Making it 'personal' is critical to retirement saving in the UK

Auto-enrolment signals a new era in workplace communications

October saw the start of the UK’s new pension auto-enrolment system, which is expected to take six years to be fully rolled out. Under the new system, initially any workers over 22 years old and under the state pension age, not already in a scheme and who earn more than £8,105 a year will automatically be enrolled.

The UK’s largest firms
Workers employed by the UK’s largest firms (those employing more than 120,000 people) from 1 October 2012 have started to be automatically enrolled into company pension schemes. Between now and 2018 all other employers will have to ensure that UK-based workers aged over 22 years and earning a minimum of £8,105 (for the current 2012/13 tax year) are also enrolled into a pension.

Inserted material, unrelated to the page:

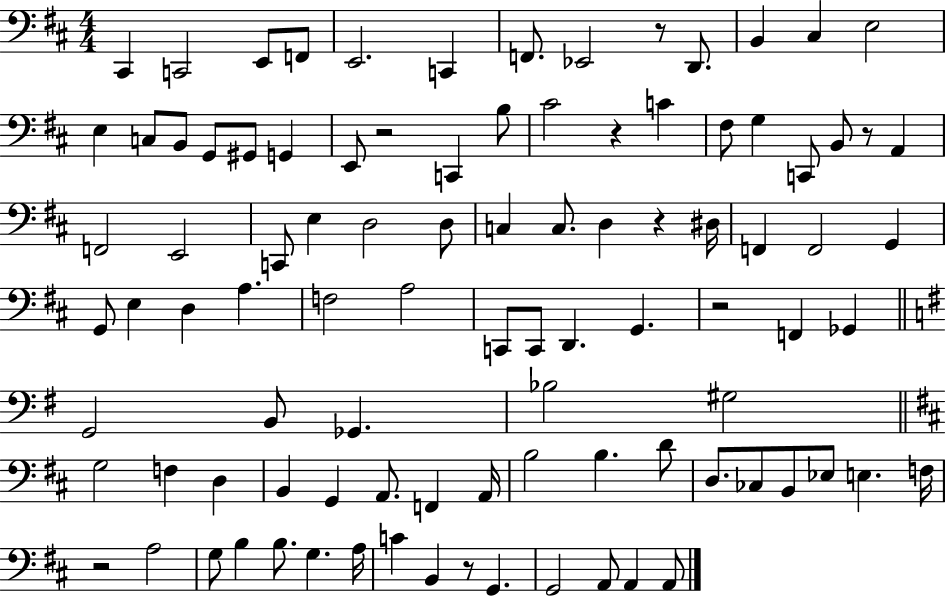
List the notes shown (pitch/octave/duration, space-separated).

Earnings allocated to a workplace pension
Employees will initially see a minimum of 0.8 per cent of their net earnings allocated to their workplace pension. Their employer will contribute 1 per cent of their earnings and tax relief adds a further 0.2 per cent. From October 2018, these amounts will increase to a minimum of a 4 per cent contribution from the employee, 3 per cent from the employer and 1 per cent in tax relief.

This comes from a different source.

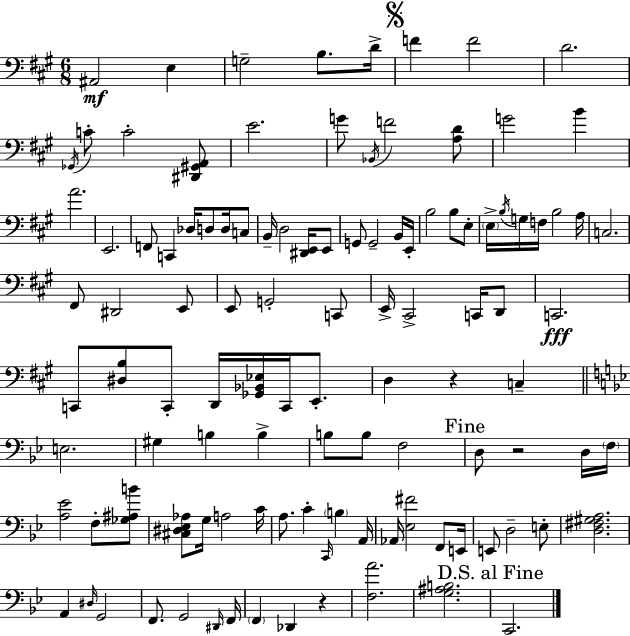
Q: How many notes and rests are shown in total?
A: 110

Getting the nation’s workers saving
The Department for Work and Pensions (DWP) estimates that 380,000 workers were signed up during October alone, increasing to 600,000 by the end of this year. The government believes that Britain’s employers hold the key to getting the nation’s workers saving for their retirement, but to be successful they will need to find innovative ways of discussing money matters in the workplace.

The success of automatic enrolment
It is essential that employers consider their pension options carefully before deciding on the best solution for their business and employees.
Working closely with employees to actively engage with them on how they could personally benefit is also essential to the success of automatic enrolment.

Workers unaware of the changes
The Scottish Widows Workplace Pensions Report 2012 reveals that 52 per cent of workers – equivalent to 9.9 million people [1] in the UK – have been completely unaware of the changes, despite an increase in the average amount people are willing to save for retirement.

Expectation to hear more from the government
A survey was carried out for Standard Life [2] in August this year to find out more about the levels of awareness and interest in automatic enrolment among employees in Britain who don’t have a pension. It found that more than four fifths (83 per cent) of those surveyed who would be interested in finding out more would expect to find out more from their employer, while over half (54 per cent) would expect to hear more from the government.

Keen to know about the investment options
When asked what aspect they would like to find out more about, nearly three fifths of employees (58 per cent) said they would like to know more about how much they would need to contribute; two fifths (40 per cent) wanted to find out more about when they would start paying; and almost a quarter (23 per cent) were keen to know about the investment options. Just 27 per cent of employees who don’t currently have a pension said they would like to know more about opting out.

Helping people to save more for their retirement
For many employers and employees in the UK, the introduction of auto-enrolment is still some way off, due to the staggered start dates. For several years now, there has been a downward trend in the number of people actively saving into a workplace pension. This trend should be reversed as more people are helped to save more for their retirement.

Employers have an important role to play
Communicating the benefits of being enrolled into a workplace pension is essential to the success of auto-enrolment. Employers, the government and pension scheme providers all have an important role to play in this respect. There is clearly still a gap to close and a TV and print advertising campaign by the Department of Work and Pensions has been launched to help people understand the opportunity workplace pensions bring. ν

[1] Calculated by the pension regulator/employers/staging-date-timeline

[2] All figures, unless otherwise stated, are from YouGov Plc. Total sample size was 2,125 adults, of which 1,098 confirmed they were workers and 387 of them did not have a pension. Fieldwork was undertaken between 29–31 August 2012. The survey was carried out online. The figures have been weighted and are representative of all GB adults (aged 18+).